Meier, Müller, Schmidt? Gibt es so nicht auf Madagaskar. Man gibt seinen Kindern den Namen mit, der am besten zu passen scheint. Doch wenn es um Rechtstitel und Personenstand geht, hat dieses System seine Tücken.
“Geliebte Kraft.” – “Prinz, auf dem viel Hoffnung ruht.” – “Enkelin der Rose.” Das sind schöne Namen. Doch wo ein Viertel der Bevölkerung nicht lesen und schreiben kann, wird es rasch schwierig, wenn man damit auf dem Amt erscheint und ein Bürgerrecht wahrnehmen will. Auf Madagaskar geben Eltern ihren Kindern statt Familiennamen ganz freigewählte, originelle Assoziationen. Da ist es gut, wenn man zumindest eine Geburtsurkunde besitzt.
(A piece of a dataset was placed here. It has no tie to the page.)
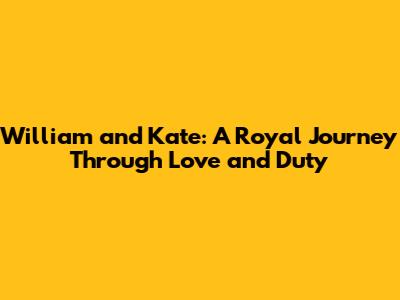 William and Kate: A Royal Journey Through Love and Duty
Viele sehen indes keine Notwendigkeit für eine solche Urkunde. Sie können sie ohnehin nicht lesen; können sich auch nicht vorstellen, wofür man sie jenseits ihrer Dorfgrenzen brauchen könnte. Doch sobald Kinder die Schule besuchen wollen, sobald sie sich gar in der Stadt bewerben, in Wählerlisten eintragen oder einen Personalausweis beantragen wollen, ist ein Geburtsnachweis notwendig.
Oder, was immer wichtiger wird: um sich Landtitel verbriefen zu lassen, statt seinen Acker nur per Gewohnheitsrecht zu bearbeiten. Land, das “keinem gehört”, wird zunehmend Ziel von Spekulanten, ausländischen Investoren oder habgierigen Mitgliedern der Eliten.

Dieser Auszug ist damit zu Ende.